[PROBLEM TO SOLVE]
Reproduce the records word for word, apart from the images they contain.

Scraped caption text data
------

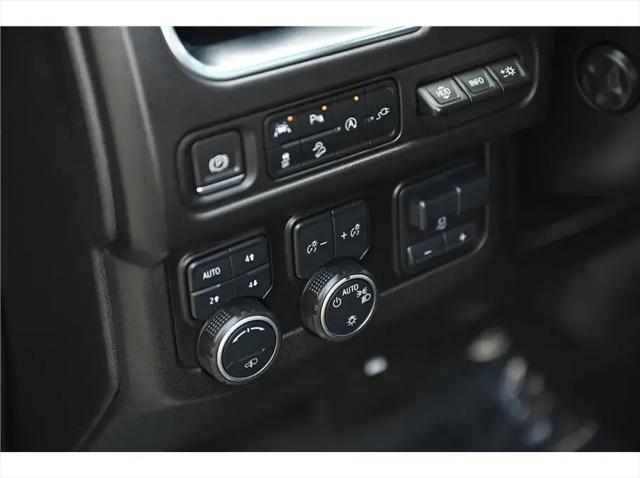 2021 Chevrolet Suburban 4WD High Country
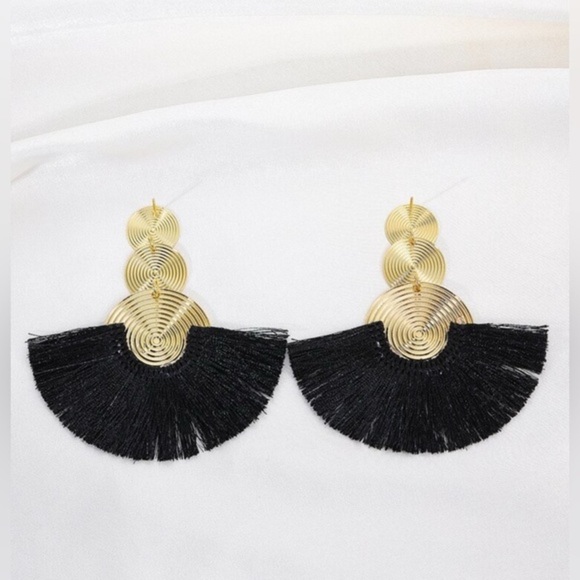 ✨NEW✨ Elegant Gold and Black Spiral boho Earrings - Picture 4 of 6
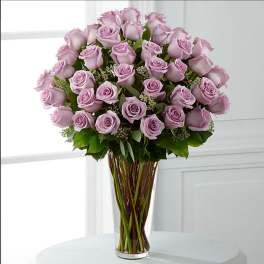 Bouquet of lavender roses in a clear glass vase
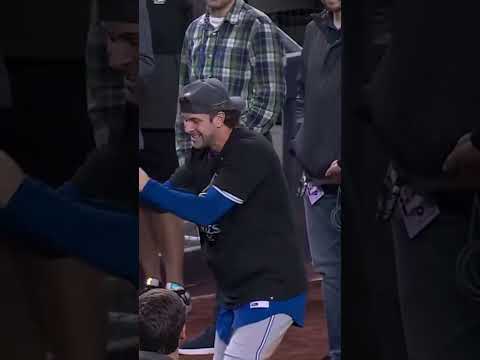 It’s not a team picture without Ernie Clement! #Postseason #ALDS #ALCS #BlueJays #Toronto #MLB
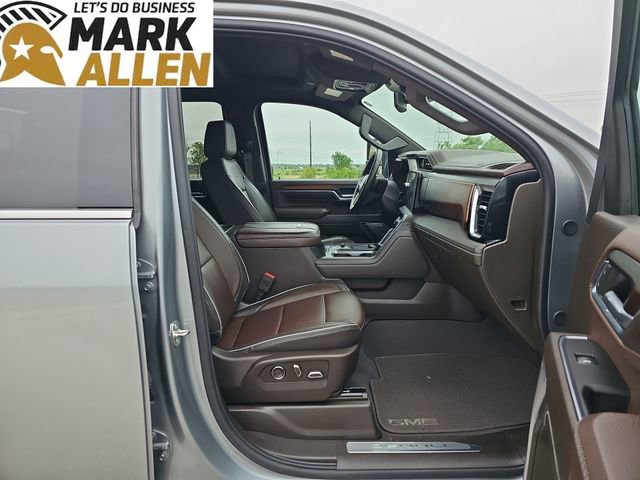 Used 2024 GMC Sierra 3500 Denali AWD/4WD image 28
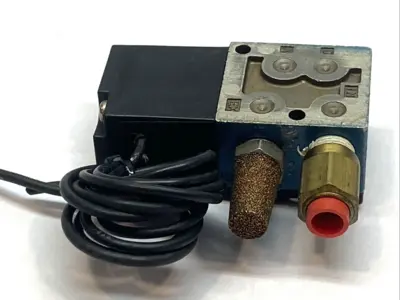 Used MAC Solenoid Valve 4-Way Double 1/8 24VDC NPTF Solenoid Valves Michigan US | Maverick Industrial Sales #1402152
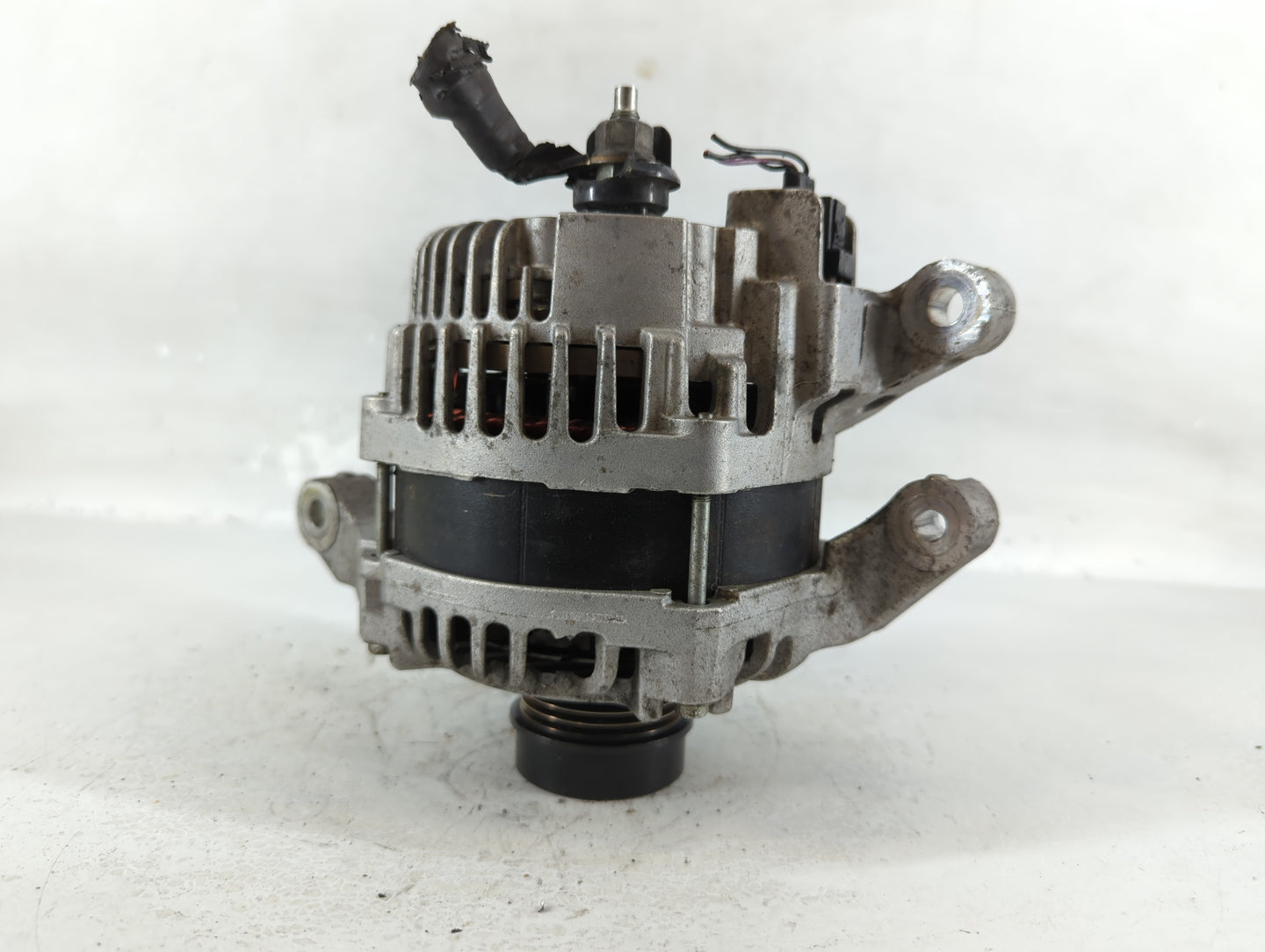 2013-2018 Ford Focus Alternator Replacement Generator Charging Assembly Engine OEM P/N:CJ5T-10300-CB Fits OEM Used Auto Parts - Oemusedautoparts1.com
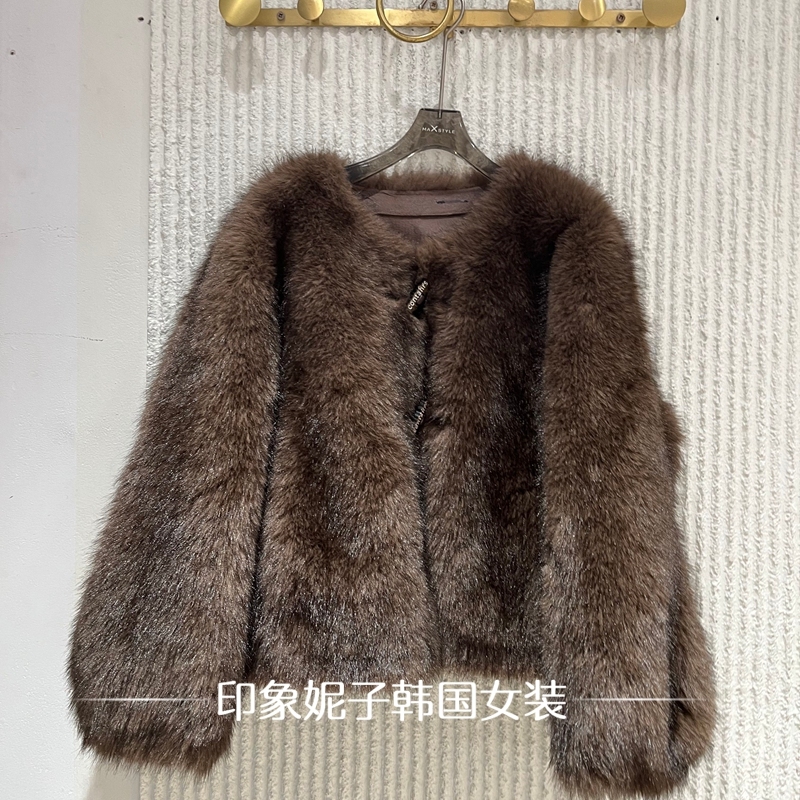 欧洲站2025冬季新款时尚百搭圆领牛角扣短款气质毛毛皮草外套8121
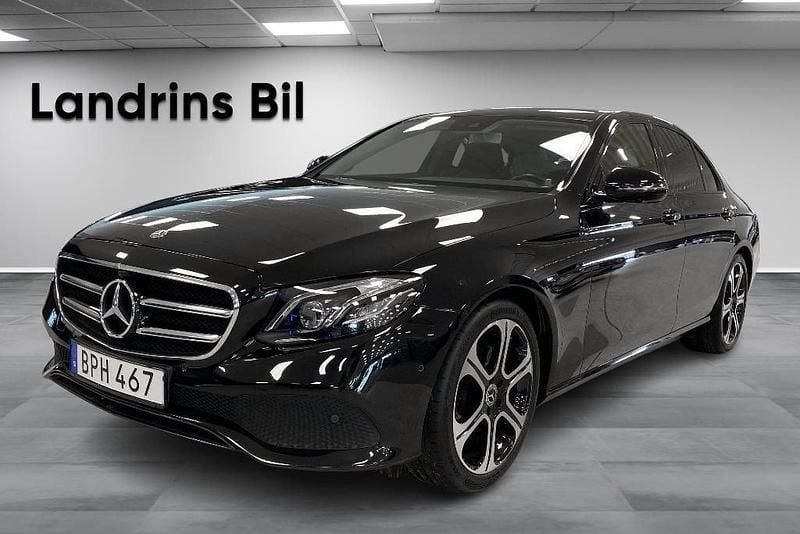 Svart Begagnad 2018 Mercedes E220 Sedan | 279 000 kr (Superpris) - Bild 1/4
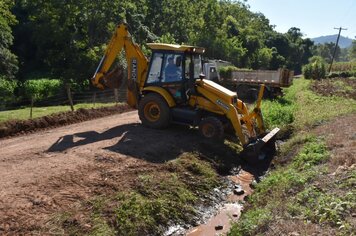 Obras intensifica melhoria em estradas do interior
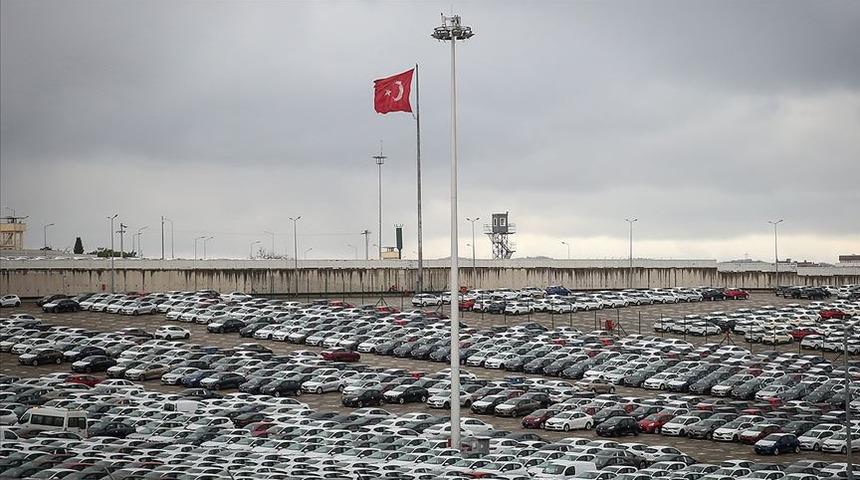  'Otomotiv düşüşe rağmen ihracatta lider'
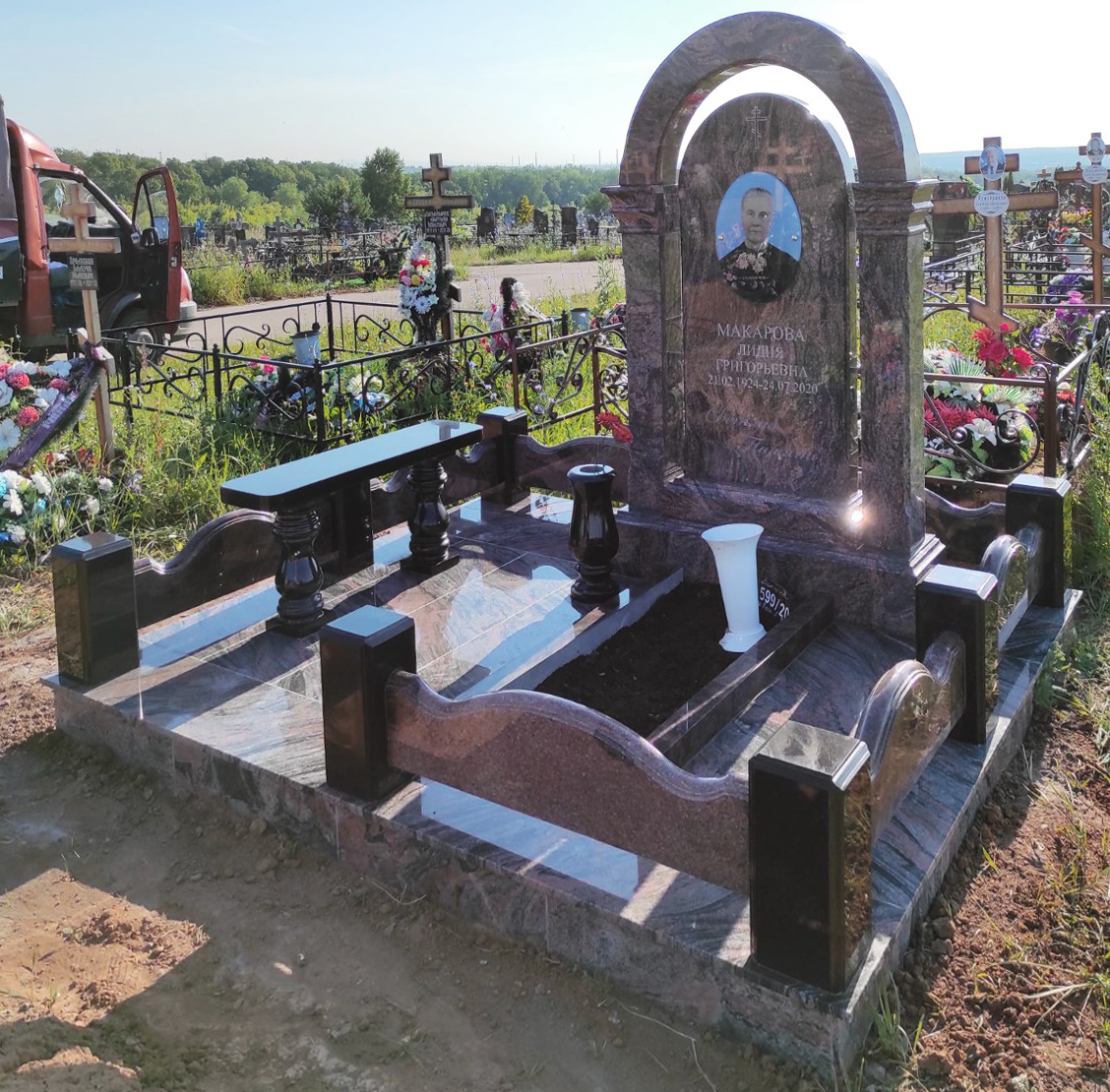 Памятники из гранита и мрамора от УралКомплект: Памятник 00909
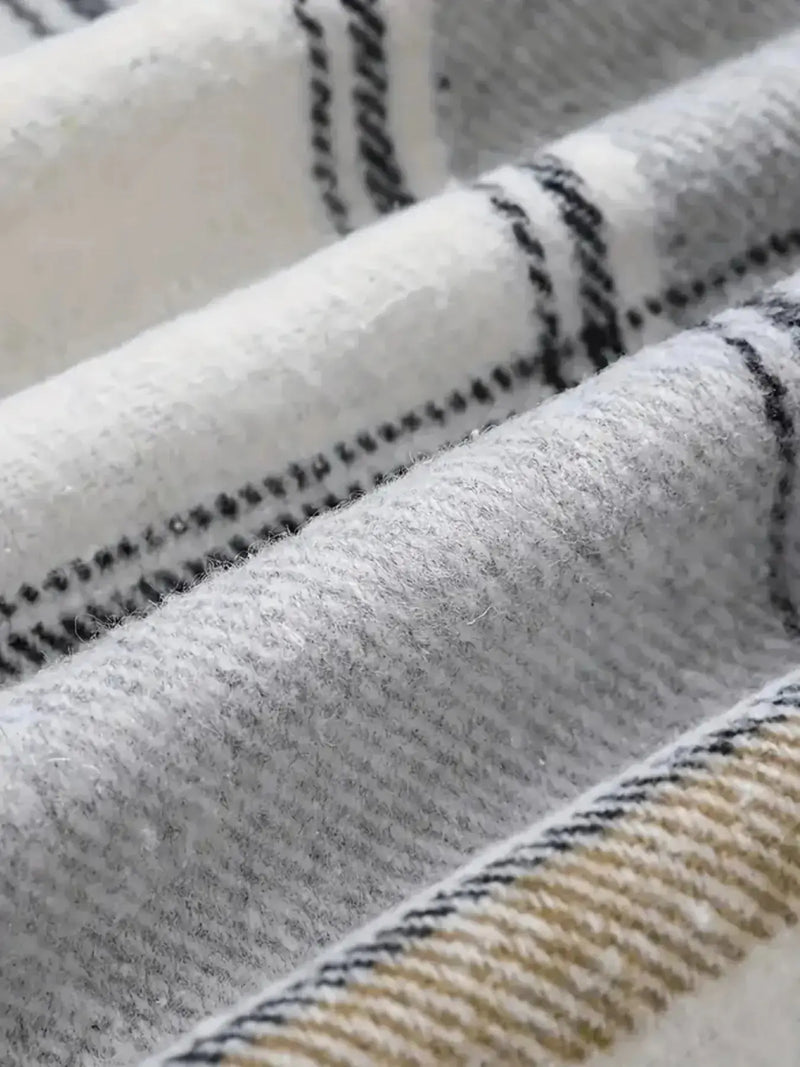 New Plaid Pattern Long Sleeved Hook And Loop Wool Lined Hooded Jacket For Warmth, Women's Plaid Hooded Drawstring Jacket, Single Breasted Closure, Comfortable And Casual Meifu Market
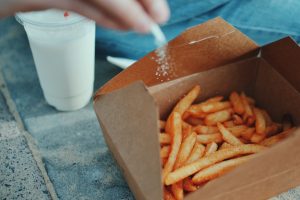junk food emmy-smith-187632-unsplash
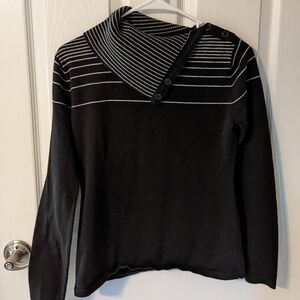 Y2K Asymmetrical Cotton Striped Button Detail Sweater‎ from Willow Bay Size M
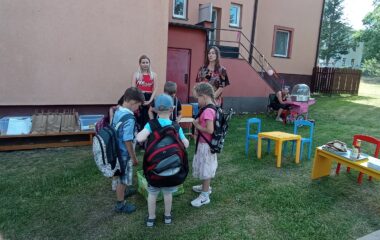 zahradní slavnost "pasování předškoláčku" - IMG 20220627 162818 380x240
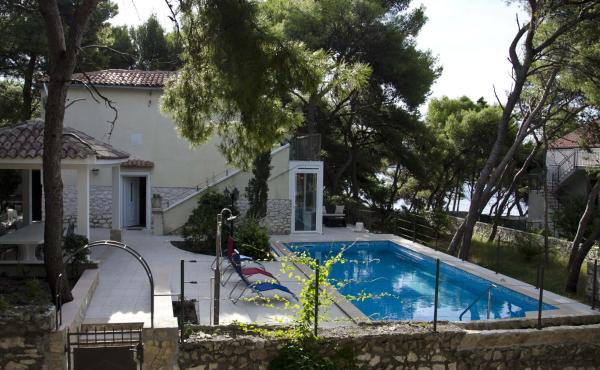 A la foto es mostra l'objecte Seaside house with a swimming pool Hvar - 12919 situat a la ciutat de Hvar.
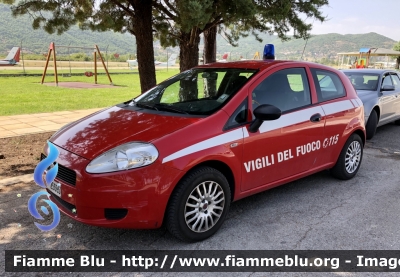 Fiat Grande Punto 
Vigili del Fuoco 
Comando provinciale di L’Aquila 
Versione 3 Porte 
VF 25595
Parole chiave: Fiat Grande Punto VF25595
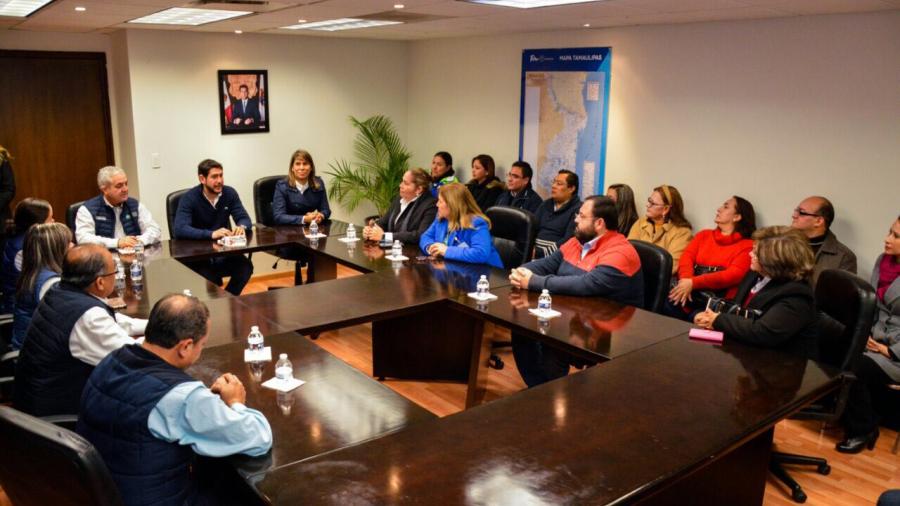 Entregan nombramiento a Subsecretaria de Educaci&oacute;n B&aacute;sica 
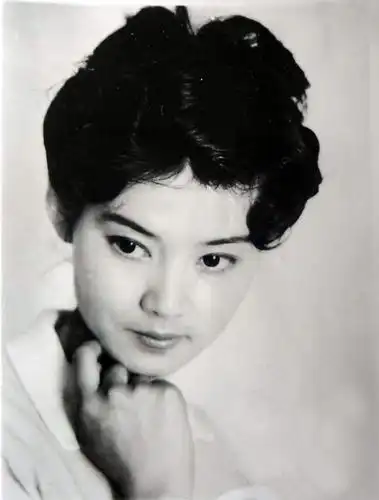 潘虹:80年代名气响过刘晓庆,优雅一生却难忘前夫,自称不是好女人>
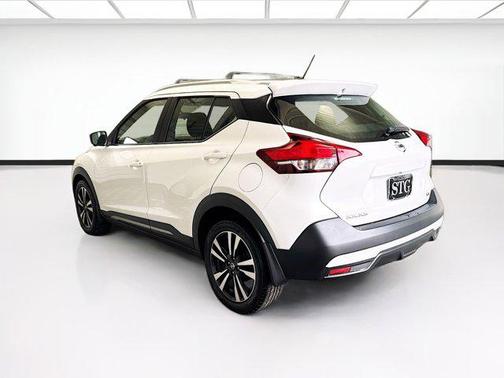 2019 Nissan Kicks SR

------

[RESPONSE AREA]
 2021 Chevrolet Suburban 4WD High Country
 ✨NEW✨ Elegant Gold and Black Spiral boho Earrings - Picture 4 of 6
 Bouquet of lavender roses in a clear glass vase
 It’s not a team picture without Ernie Clement! #Postseason #ALDS #ALCS #BlueJays #Toronto #MLB
 Used 2024 GMC Sierra 3500 Denali AWD/4WD image 28
 Used MAC Solenoid Valve 4-Way Double 1/8 24VDC NPTF Solenoid Valves Michigan US | Maverick Industrial Sales #1402152
 2013-2018 Ford Focus Alternator Replacement Generator Charging Assembly Engine OEM P/N:CJ5T-10300-CB Fits OEM Used Auto Parts - Oemusedautoparts1.com
 欧洲站2025冬季新款时尚百搭圆领牛角扣短款气质毛毛皮草外套8121
 Svart Begagnad 2018 Mercedes E220 Sedan | 279 000 kr (Superpris) - Bild 1/4
 Obras intensifica melhoria em estradas do interior
  'Otomotiv düşüşe rağmen ihracatta lider'
 Памятники из гранита и мрамора от УралКомплект: Памятник 00909
 New Plaid Pattern Long Sleeved Hook And Loop Wool Lined Hooded Jacket For Warmth, Women's Plaid Hooded Drawstring Jacket, Single Breasted Closure, Comfortable And Casual Meifu Market
junk food emmy-smith-187632-unsplash
 Y2K Asymmetrical Cotton Striped Button Detail Sweater‎ from Willow Bay Size M
 zahradní slavnost "pasování předškoláčku" - IMG 20220627 162818 380x240
 A la foto es mostra l'objecte Seaside house with a swimming pool Hvar - 12919 situat a la ciutat de Hvar.
 Fiat Grande Punto 
Vigili del Fuoco 
Comando provinciale di L’Aquila 
Versione 3 Porte 
VF 25595
Parole chiave: Fiat Grande Punto VF25595
 Entregan nombramiento a Subsecretaria de Educaci&oacute;n B&aacute;sica 
 潘虹:80年代名气响过刘晓庆,优雅一生却难忘前夫,自称不是好女人>
 2019 Nissan Kicks SR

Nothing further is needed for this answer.